▸ Required work
Stop after the line with "inside it's dry". Up to that point, output every line of the listing below exactly from the first one onward, skipping pictures.
━━━━━━━━━━━━━━━━━━━━━━━━━━━━━━
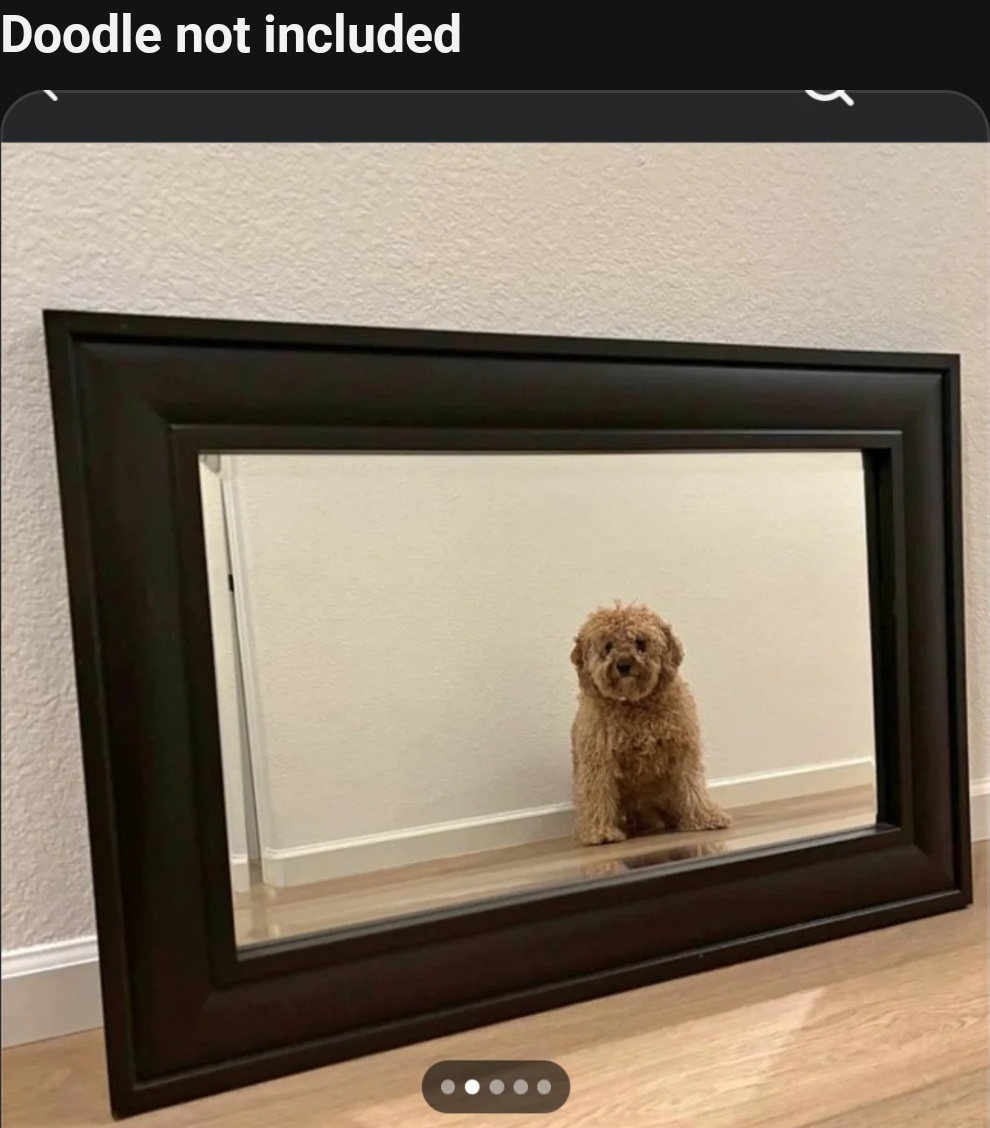 Discover the Hilarious World of Online Mirror Sales on This Subreddit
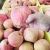 apple fruit fresh fruit juice dubai fuji apple to bangladesh market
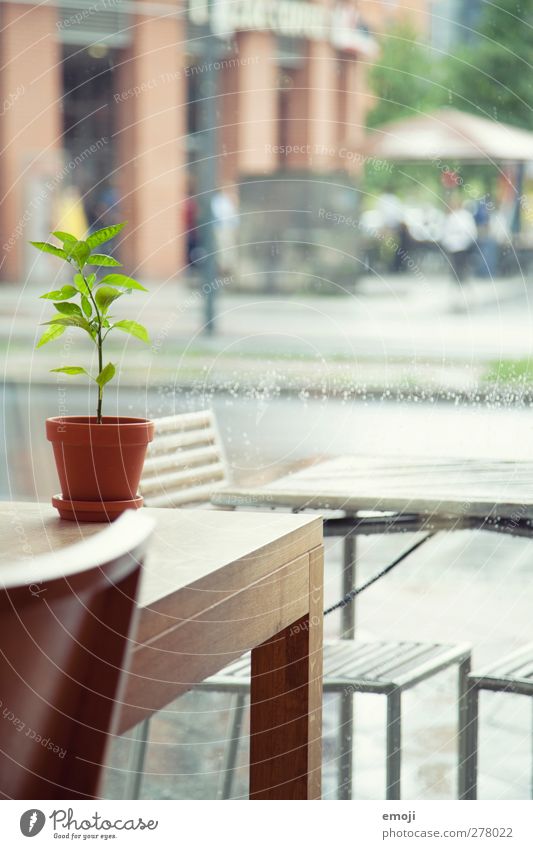 inside it's dry [B] Plant Foliage plant Pot plant Village Town Window Table Chair Natural Green Rain Within Colour photo Interior shot Deserted Day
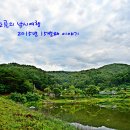 2015년 7월 25일~26일 천안 동면 죽계리 "대동저수지(일명:죽계지)" 이미지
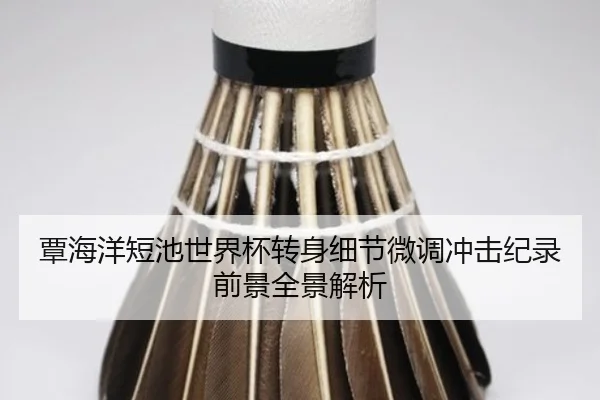 覃海洋短池世界杯转身细节微调冲击纪录前景全景解析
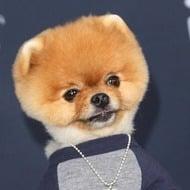 JiffPom Age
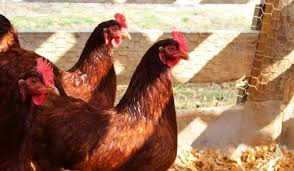 They are also pretty kid friendly (with the exception of the roosters). Considering Rhode Island Red Chickens The 19 Things You Must Know First The Featherbrain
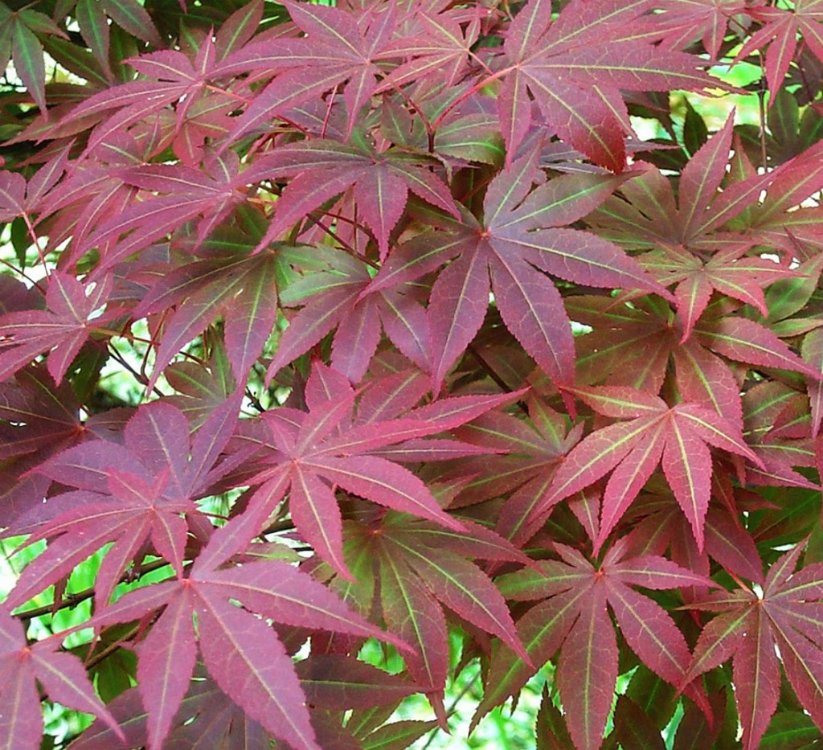 Japanese Maple Trees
━━━━━━━━━━━━━━━━━━━━━━━━━━━━━━
▸ Solution to the exercise
 Discover the Hilarious World of Online Mirror Sales on This Subreddit
 apple fruit fresh fruit juice dubai fuji apple to bangladesh market
 inside it's dry [B] Plant Foliage plant Pot plant Village Town Window Table Chair Natural Green Rain Within Colour photo Interior shot Deserted Day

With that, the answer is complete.